Escritores y políticos alaban la talla literaria de Muñoz Rojas
El presidente de la Junta de Andalucía, José Antonio Griñán, calificó ayer de "irreparable" la pérdida del poeta antequerano durante su viaje oficial en Marruecos
Además de todas las reacciones de pesar, buena parte de las conversaciones mantenidas ayer entre quienes conocieron a José Antonio Muñoz Rojas se dedicaron a dilucidar si el antequerano había gozado de suficiente reconocimiento en vida. Y aunque lo del reconocimiento habría que tomarlo con alfileres, resulta evidente que no. El Premio Nacional de 1998 y el Premio Reina Sofía de 2002 certificaron tardíamente lo que ya se sabía: que Muñoz Rojas era un excelente poeta. Pero su nombre apenas ha aparecido en los cánones, panteones e influencias del despiadado siglo XX, entregados casi por costumbre a otros poetas contra los que, en términos de calidad, el que aquí nos ocupa resistiría (y más) toda comparación posible. Lo que resulta paradójico es que, mientras no pocos poetas jóvenes citan a T. S. Eliot como una iluminación decisiva en su trayectoria, muchos de ellos desconocen que sin el trabajo de José Antonio Muñoz Rojas hoy resultaría mucho más difícil hacerse en España con una edición digna de La tierra baldía. De esta manera, es de esperar que en el futuro el escritor será más conocido por sus frutos que por los aplausos recibidos, una categoría a la que debería aspirar todo poeta. Cuando a finales de los 90, con un siglo casi entero a a espalda, Muñoz Rojas publicó Objetos perdidos estaba dando la razón a la generación siguiente, a quienes venían detrás. En un ejercicio de aplastante madurez su poesía dejó de ser contemplativa y salió de la imaginaría agrícola y ecológica para hacerse esquiva, imprevisible, divertida, fragmentada, feroz y felizmente contemporánea. Muñoz Rojas desdijo a Muñoz Rojas para pasar el testigo. Y muchos autores serán quienes se aprovechen de semejante capote aunque en el fondo desconozcan quién fue y qué hizo Muñoz Rojas.
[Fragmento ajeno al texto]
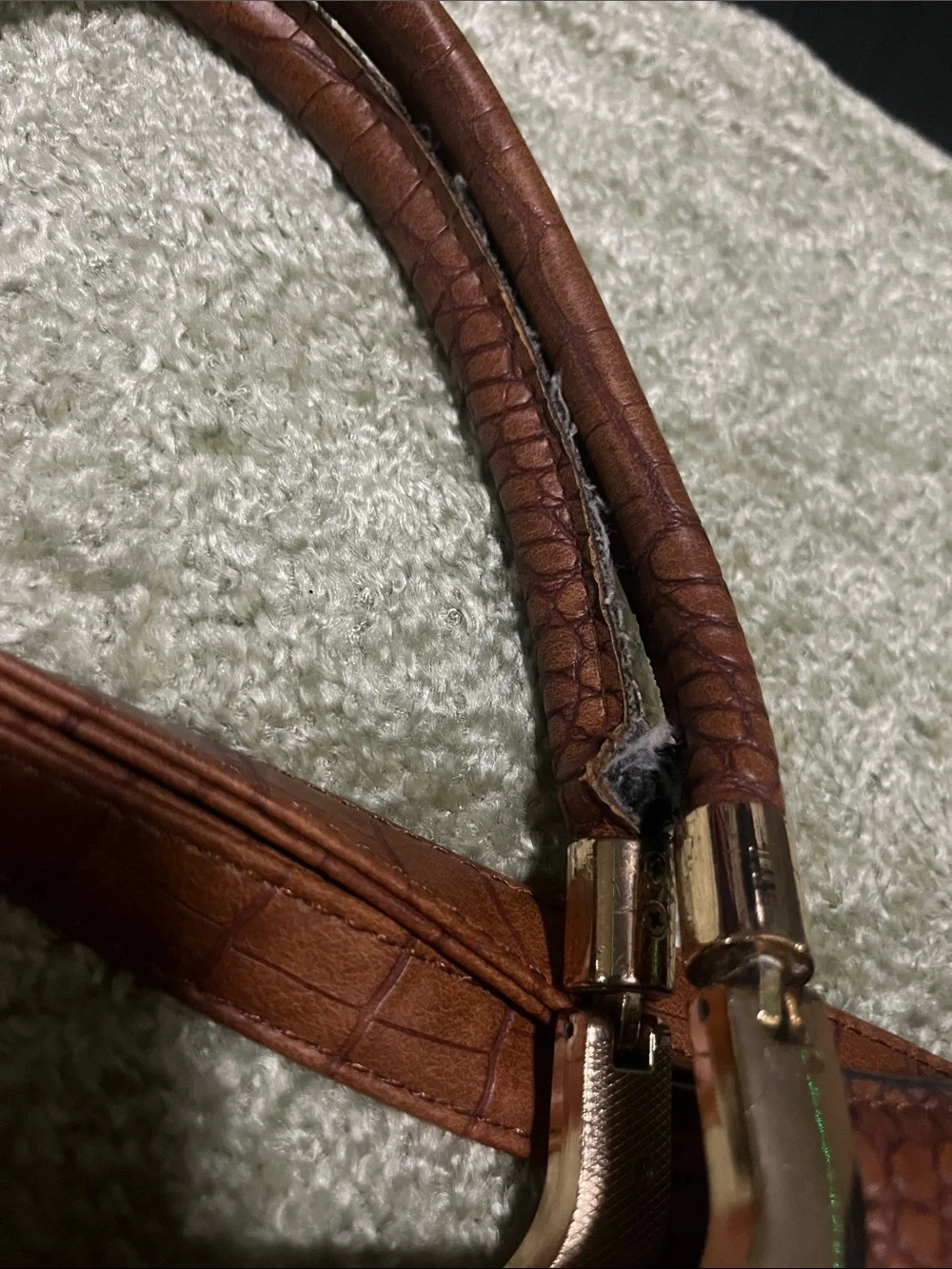 Classic Croc-Embossed Brown Satchel Bag - Versatile Shoulder & Top-Handle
Como recordaba recientemente Rafael Ballesteros, resulta inconcebible que el primer estudio crítico serio de la obra del antequerano llegara en 1989, cuando el protagonista ya tenía 80 años, de la mano del profesor de la Universidad de Málaga Cristóbal Cuevas. Pocos escritores han permitido trazar una historia de la poesía española desde la Generación del 27 hasta la actualidad en una sola biografía, y sin embargo la academia ha mirado demasiado tiempo para otro lado. El mismo Ballesteros apunta dos posibles argumentos para explicar semejante vacío. Por un lado, Muñoz Rojas puede considerarse una víctima de la manía clasificadora de la Historia, especialmente en su vertiente literaria. Tradicionalmente se vinculó al antequerano a la Generación del 36, un grupo demasiado diluido y poco reconocible. Sobrarían pruebas tanto para demostrar que Muñoz Rojas no perteneció a este colectivo como para demostrar que sí lo hizo. A menudo, al poner el dardo en la diana del 36 se pretende llenar un hueco demasiado amplio entre el 27 y el 50, y en este sentido nuestro poeta se ha visto metido en sacos que poco tenían que ver con su intuición poética. Por otro lado, Muñoz Rojas hizo siempre gala de una independencia firme, no sólo en cuanto a los círculos de escritores que siempre evitó, también de cara a una galería de la que no quiso formar parte a pesar de la desesperación de algunos periodistas. En buena medida, por tanto, el autor se granjeó su propio anonimato, pero cabe considerar que su figura constituye la demostración de que, en España, prescindir de la vanagloria a la que no pocos escritores aspiran (y que a otros tantos alimenta) se paga caro.
Muñoz Rojas, en fin, es el poeta discreto en el que es posible indagar la línea que conduce a Antonio Machado y que culmina en San Juan de la Cruz. La naturaleza fue su primer aliado, pero no cualquiera: la Vega de Antequera, con la cima inspiradora de la Peña de los Enamorados, le suministró el caudal fértil que luego él supo convertir en verso y prosa. Los colores del campo, sus aromas, sus sonidos, el inmenso cielo abierto que murió en las ciudades están hechos del mismo material de su poesía. Hoy, al fin, el poeta ha pasado a formar parte de ese mismo paisaje. Y éste sí lo conservará en su memoria lo que dure el tiempo.